Mayor O’Connor said he was very disappointed to hear the news, as Mallow runs its affairs in a very prudent manner, and he added that the biggest fight ahead was to retain Mallow’s business rate, which is significantly lower than the Co Council rate, and is in fact the lowest town rate in Co. Cork. “Derogation is needed, and it’s not fair that the people of Mallow should have an increase in the business rate,” he said.

Cllr Jerry Mullally described the news as bad for local democracy, and he feared for the jobs of local council employees, and also for businesses which could face a rates hike. “Over 30 premises are idle in Mallow at the moment, and higher rates could result in even more closures,” he said. The councillor said that Mallow Town Council runs a tight ship and balances its books every year, and its abolition would be a big loss to the town. “There’s nothing like dealing with local people, and I’m concerned for local businesses, the council workforce, and social housing tenants who could find their rents changed,” he said.

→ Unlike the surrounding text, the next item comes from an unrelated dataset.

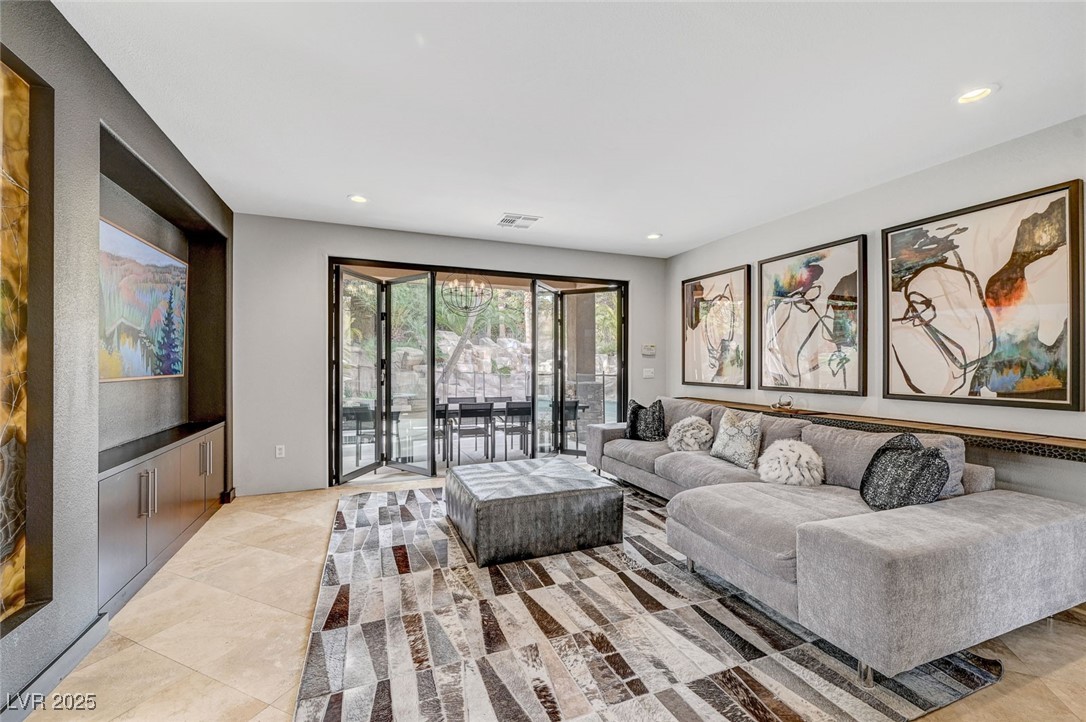 Las Vegas, Nevada 89144, United States, 4 Bedrooms Bedrooms, ,4 BathroomsBathrooms,Residential,Pending,10021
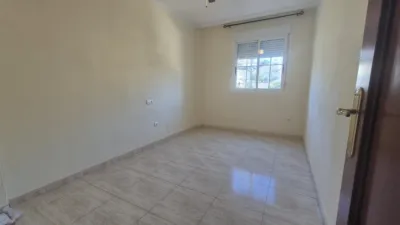 Duplex on Francisco Piedra Cuadrado Street photo 9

Cllr Ronan Sheehan said that while he agreed reform was needed, it was hard to know if cutting the number of councils was a solution. He also expressed fears about the business rate, saying he couldn’t imagine the Co. Council rate reducing to Mallow’s level. “The Town Council is as efficient, if not more so, than the County Council, and it’s sad and disappointing to see it being abolished,” he said, adding that at present a business person paying €590 in rates in the town would have to pay €740 in the county. “I’m worried rates will go up,” he said.

Under Minister Phil Hogan’s plan. Mallow will be part of a municipal district, comprising at least 5 councillors, and salary payments will be much reduced, while a special body will have to approve travel to any conference. Also councillors will lose the power to overturn planning decisions by officials, and meeting times will be changed to allow more women with children to become councillors. The new property tax will be used to fund local authorities, and in time councils will be allowed to set their own rate of tax. The new system will come into being in 2014 when the current council terms will come to an end.

Mallow Urban District was set up on April 1st 1902, and its first Chairman was J.J. Fitzgerald, who is commemorated with a monument at the end of O’Brien Street.